I've never used the Logitech, but note that the TiVo's remote code must be changed by a remote operating in IR mode. RF mode will not do it. And get out of the Sys Info screen right after you change the code so you don't change it again accidentally.


----------



## Ladd Morse (Feb 21, 2002)

Ok, I figured out everything I needed to do; how to control the new Roamio and the old HD using the Logitech Harmony remote.

First, switch the TiVo Roamio remote to IR (TiVo + C). Can't change the Roamio remote code while in out-of-the-box RF mode.

Then you can change the Roamio remote code to something other than zero. Go to the system information screen, change the address on the remote by holding TiVo and Pause and then pressing the number you want to assign.

Exit the "System Info" page before moving on to the next TiVo.

Change the TiVo HD remote code to something other than zero, selecting a number that is NOT used by the Roamio. Exit the "System Info" page.

Connect the Harmony remote to your computer and fire up the Harmony configuration software.

Click on "Devices" tab and select "Romio".

Select "Confirm infrared commands" and follow instructions. Save. This tells the Harmony the command structure of your Roamio remote set to (number other than zero and different from the HD)

Back on the "Devices" tab, select "TiVo HD".

Select "Confirm infrared commands" and follow instructions. Save. This tells the Harmony the command structure of your TiVo HD remote set to (number other than zero and different from the Roamio)
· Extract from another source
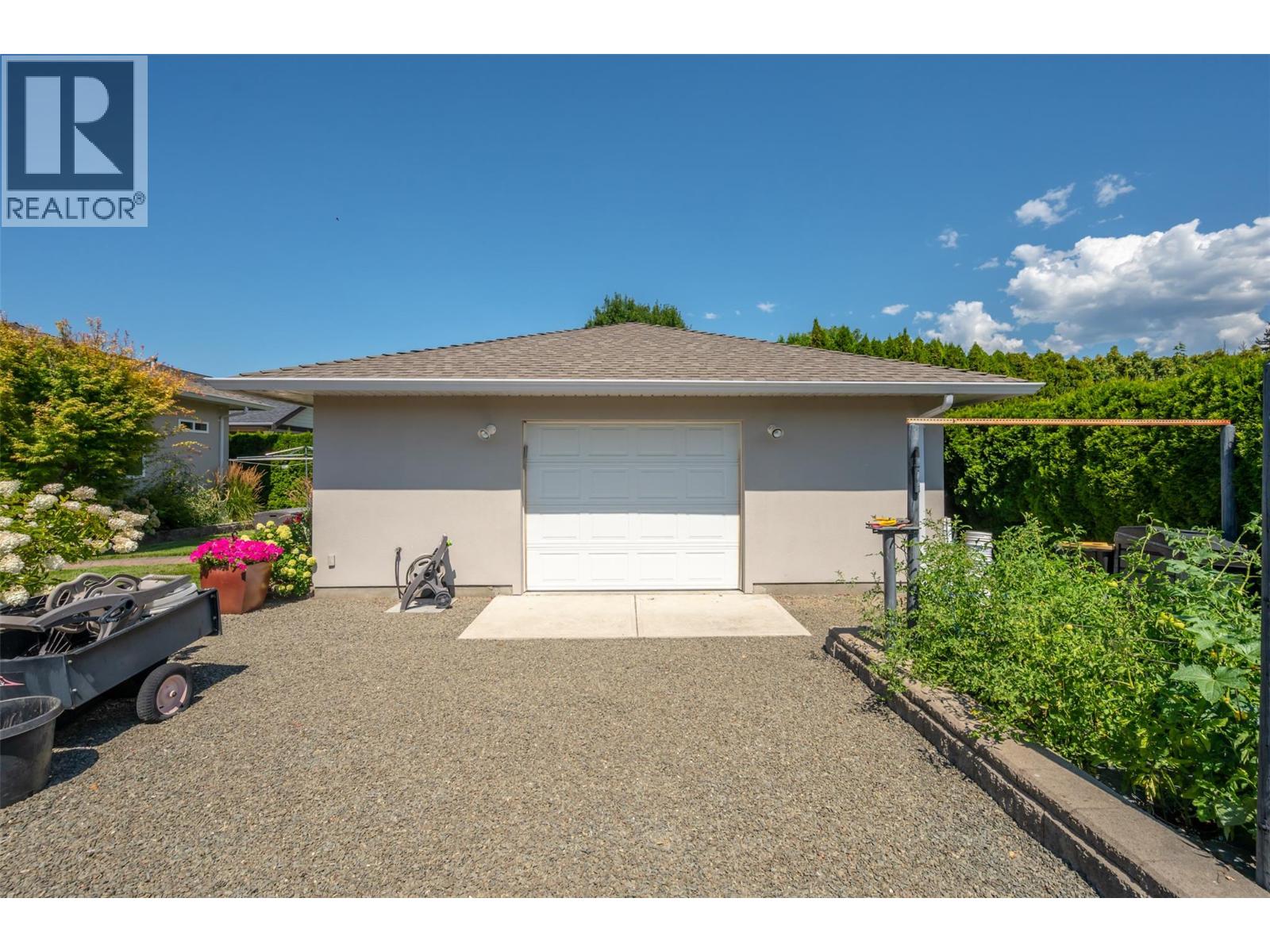 5091 Croil Avenue, Summerland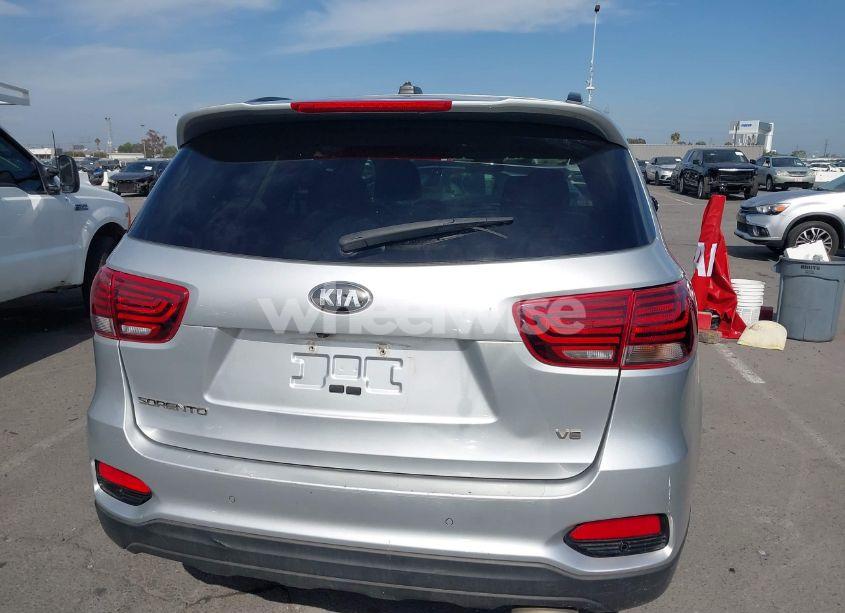 Photo 16 of 2019 Kia Sorento 3.3L S (VIN 5XYPG4A51KG594221)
Update the Harmony remote and now it can control each TiVo using separate activities (Watch Roamio and Watch HD), with no cross talk between the two TiVos.

Yay!


----------



## rsamos (Aug 20, 2015)

Ladd Morse said:


> ...
> Step 3: While a bit off topic here, any tips on how to program the IR Logitech Harmony how to have a "Watch TiVo HD" activity and a "Watch TiVo Roamio" activity and have each activity only control its TiVo would be most appreciated.


Hah!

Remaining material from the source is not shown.